## EXERCISE DESCRIPTION
Print, in exact form, the lines below from the one containing "DPS JobTask Bingo Card" through the one containing "Mocasines Clarks Unstructured", and omit all others.

## INFORMATION GIVEN
-=-=-
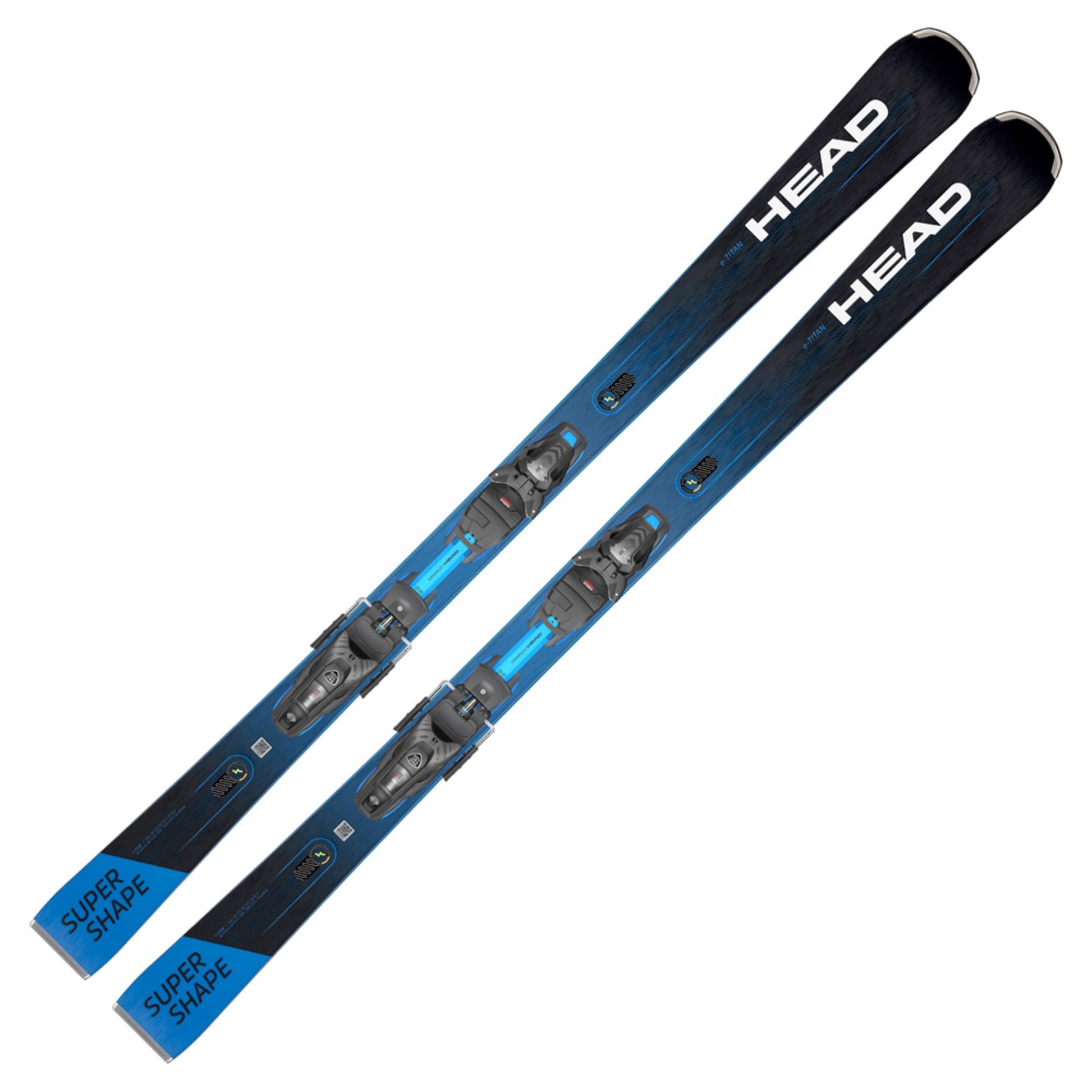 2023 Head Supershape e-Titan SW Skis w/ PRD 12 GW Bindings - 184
-=-=-
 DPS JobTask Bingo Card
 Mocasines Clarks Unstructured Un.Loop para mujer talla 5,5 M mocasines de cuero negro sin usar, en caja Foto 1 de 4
-=-=-
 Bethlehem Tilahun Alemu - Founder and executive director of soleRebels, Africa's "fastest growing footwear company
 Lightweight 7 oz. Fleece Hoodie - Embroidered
-=-=-
## TASK RESULT
 DPS JobTask Bingo Card
 Mocasines Clarks Unstructured Un.Loop para mujer talla 5,5 M mocasines de cuero negro sin usar, en caja Foto 1 de 4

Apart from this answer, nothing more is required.